WHAT THIS TASK INVOLVES ->
This task calls for the lines below starting at the one containing "collar reflectante para" and ending at the one containing "ZARA. Flowy blue printed blouse. TS", repeated exactly with both ends kept and pictures left out.

RECORD EXTRACTS ->
____________________

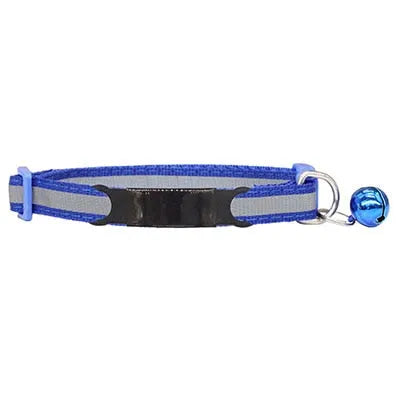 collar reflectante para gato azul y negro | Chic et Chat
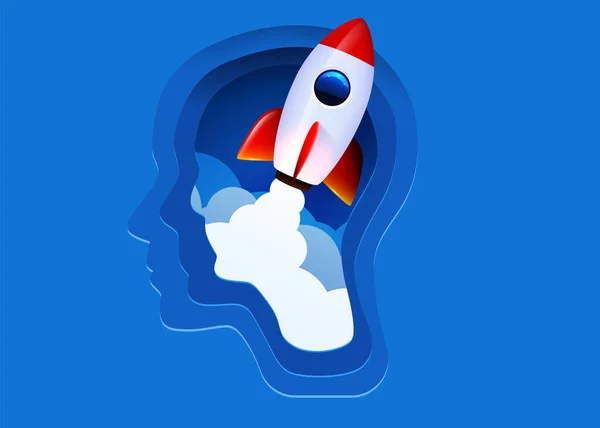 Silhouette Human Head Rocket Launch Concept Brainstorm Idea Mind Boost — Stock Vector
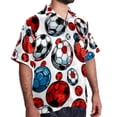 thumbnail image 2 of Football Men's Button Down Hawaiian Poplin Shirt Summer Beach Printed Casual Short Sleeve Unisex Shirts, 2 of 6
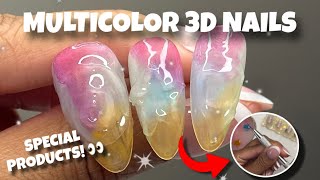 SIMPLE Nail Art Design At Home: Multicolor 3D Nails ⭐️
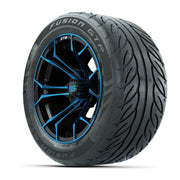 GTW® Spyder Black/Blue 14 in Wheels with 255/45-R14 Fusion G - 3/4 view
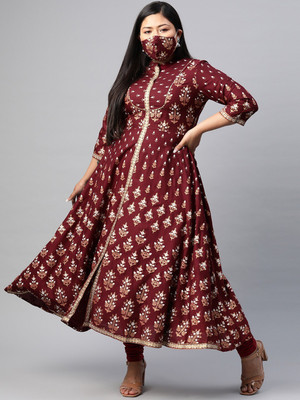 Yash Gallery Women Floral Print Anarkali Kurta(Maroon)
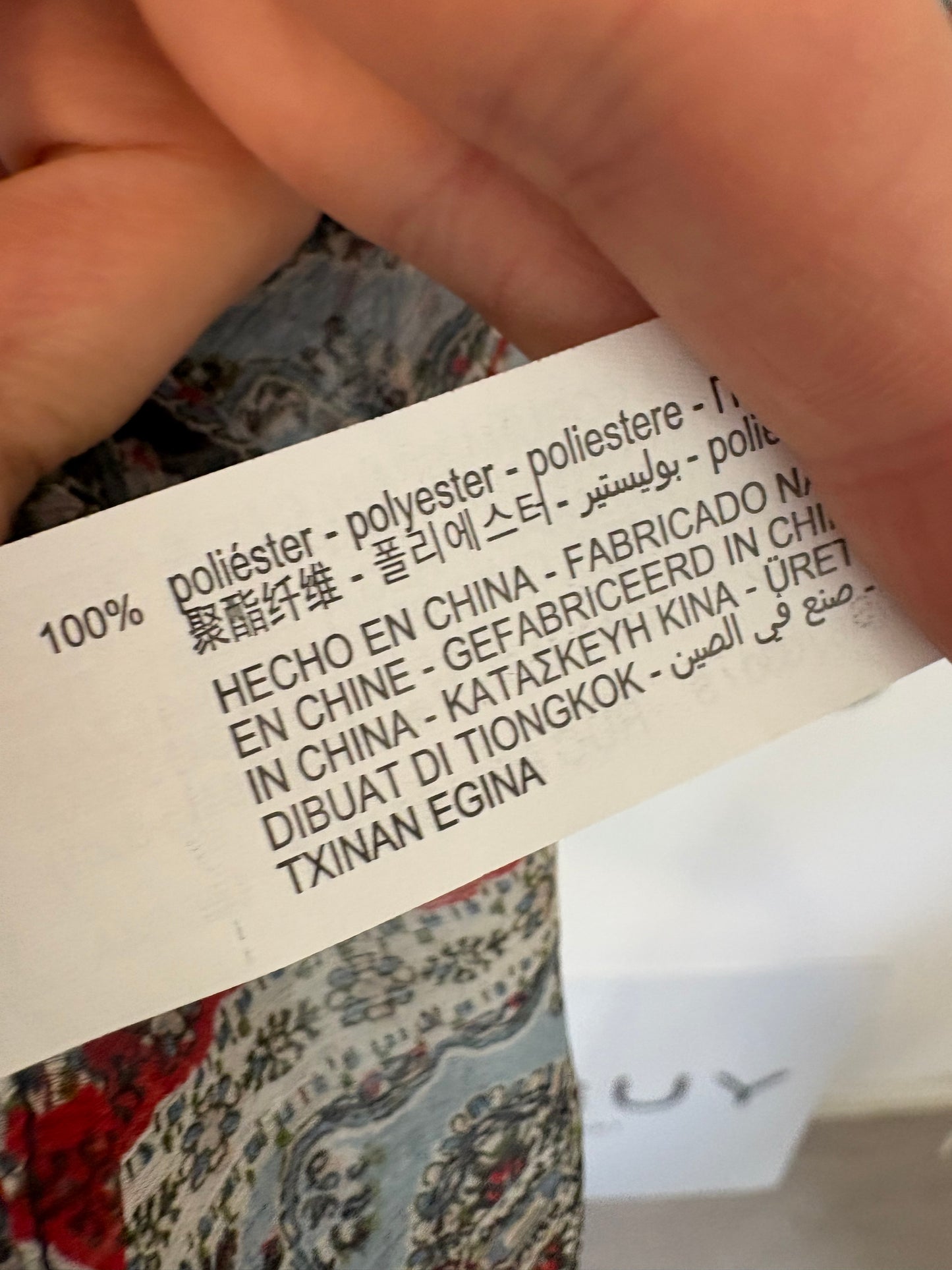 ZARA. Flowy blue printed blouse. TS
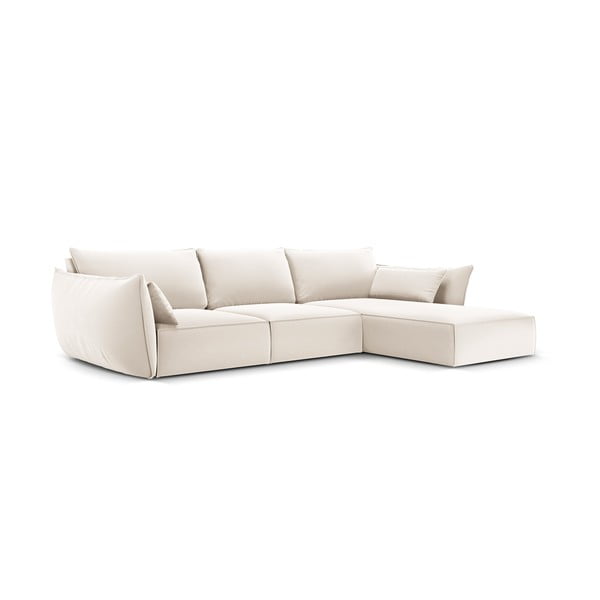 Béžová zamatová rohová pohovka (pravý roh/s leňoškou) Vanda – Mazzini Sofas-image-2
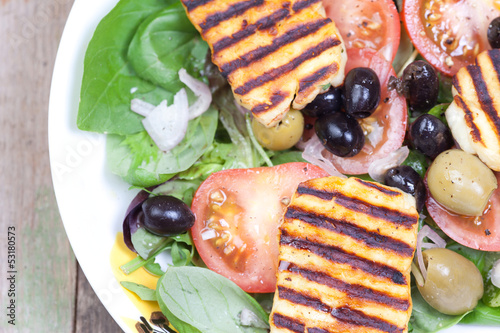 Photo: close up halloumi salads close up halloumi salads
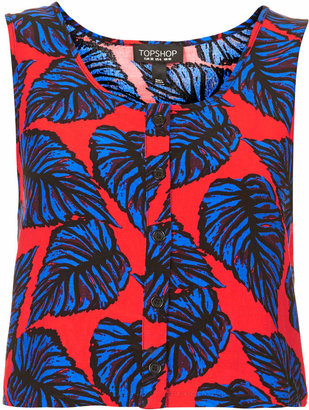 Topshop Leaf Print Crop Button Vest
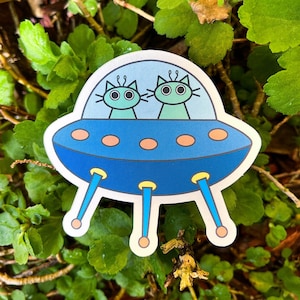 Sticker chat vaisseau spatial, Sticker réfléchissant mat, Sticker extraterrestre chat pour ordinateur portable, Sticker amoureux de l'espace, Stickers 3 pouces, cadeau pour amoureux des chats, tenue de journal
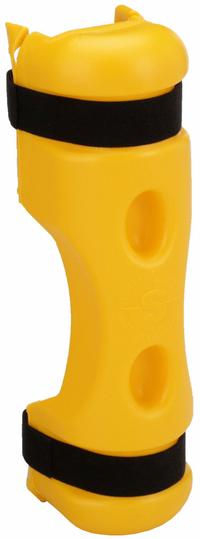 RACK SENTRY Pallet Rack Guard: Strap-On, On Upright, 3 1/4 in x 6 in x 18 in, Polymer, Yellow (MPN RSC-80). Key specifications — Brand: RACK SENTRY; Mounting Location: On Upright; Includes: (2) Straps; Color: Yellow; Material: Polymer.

____________________

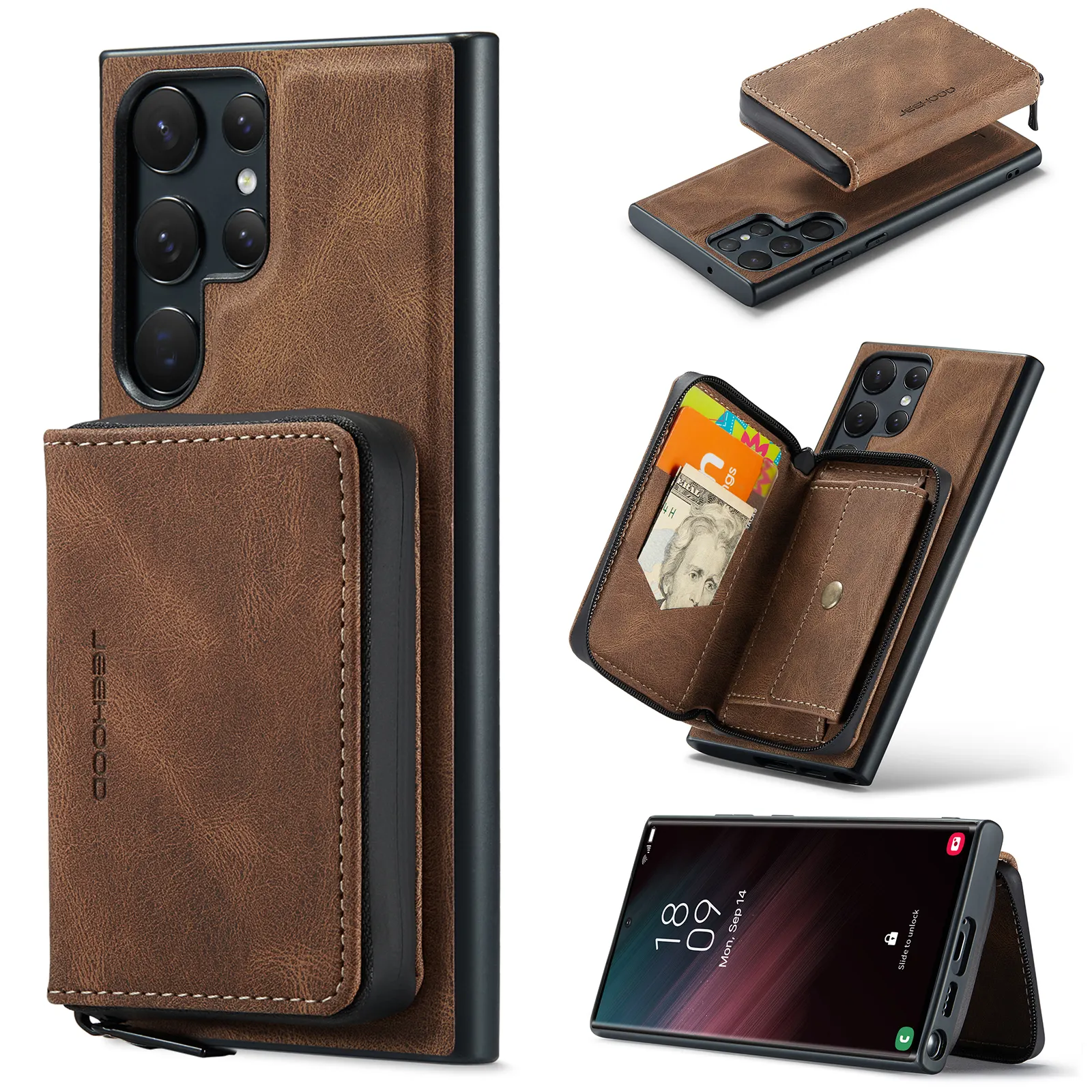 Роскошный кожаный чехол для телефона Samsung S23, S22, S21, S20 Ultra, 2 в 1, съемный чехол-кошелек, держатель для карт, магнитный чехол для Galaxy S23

____________________

TASK RESPONSE ->
 collar reflectante para gato azul y negro | Chic et Chat
 Silhouette Human Head Rocket Launch Concept Brainstorm Idea Mind Boost — Stock Vector
 thumbnail image 2 of Football Men's Button Down Hawaiian Poplin Shirt Summer Beach Printed Casual Short Sleeve Unisex Shirts, 2 of 6
 SIMPLE Nail Art Design At Home: Multicolor 3D Nails ⭐️
 GTW® Spyder Black/Blue 14 in Wheels with 255/45-R14 Fusion G - 3/4 view
 Yash Gallery Women Floral Print Anarkali Kurta(Maroon)
 ZARA. Flowy blue printed blouse. TS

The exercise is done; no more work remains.